Après cette déclaration de Donatien, Julien Akpaki a répliqué : « Auguste est venu d’abord seul dans mon bureau », a-t-il martelé. L’ex-DG/ORTB ne reconnaît pas avoir été avec Donatien et son grand frère, la nuit de l’exhumation. La déposition de Julien Akpaki a pris fin à 13h03 et la séance a été suspendue.
Intervention du Dr Akabassi Ghislain
À la reprise, à 13h18, Akabassi Ghislain, docteur en biodiversité et changements climatiques, a été interrogé par visioconférence.

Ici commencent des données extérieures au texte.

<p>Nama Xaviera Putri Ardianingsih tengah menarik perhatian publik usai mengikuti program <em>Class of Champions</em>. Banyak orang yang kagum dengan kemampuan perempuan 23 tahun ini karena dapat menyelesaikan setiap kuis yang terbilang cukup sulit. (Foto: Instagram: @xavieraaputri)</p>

Le président de céans a rappelé que, dans les dépositions, Codjo Alofa avait indiqué avoir administré à Dangnivo un produit appelé en fon « Ayokpè ». Le docteur en biodiversité et changements climatiques a d’abord précisé que, pour son master, il avait travaillé sur l’espèce dénommée « Ayokpè », dont le nom scientifique est Picralima nitida.
Selon l’expert, à forte dose, cette plante devient nocive car elle accélère la fréquence cardiaque. Pour lui, c’est une espèce utile, mais son utilisation doit être contrôlée. Le Dr Akabassi Ghislain a déclaré que, si un être humain consomme les substances contenues dans l’« Ayokpè » à forte dose, cela peut tuer ses cellules. À forte dose, cela peut intoxiquer, voire être fatal. Il a souligné que les bokonons utilisent l’« Ayokpè » notamment en milieu Nagot, à Ifangni, à Sakété, ainsi que chez les tradi-thérapeutes. De manière générale, a-t-il expliqué, les produits naturels ne provoquent pas une perte de connaissance immédiate après consommation. Il faut un peu de temps pour que les effets se manifestent.
Le spécialiste a précisé qu’il faut des essais cliniques pour déterminer à quelle dose la consommation d’« Ayokpè » peut devenir fatale.
Convoqué à la barre à 14h03 pour réagir aux propos de l’expert, Alofa a déclaré qu’il n’avait jamais parlé d’« Ayokpè », mais plutôt de « Sokpakpè ». Il a rappelé que sa première version correspondait à ce qu’on lui avait demandé de dire. Alofa insiste sur le fait qu’il ne connaît pas du tout Dangnivo. « La vérité, dans tout ce que je dis depuis le début, c’est que je ne connais rien de Dangnivo », a-t-il martelé.
L’audience a été suspendue à 14h19 pour reprendre ce mercredi 9 avril 2025 à 10h.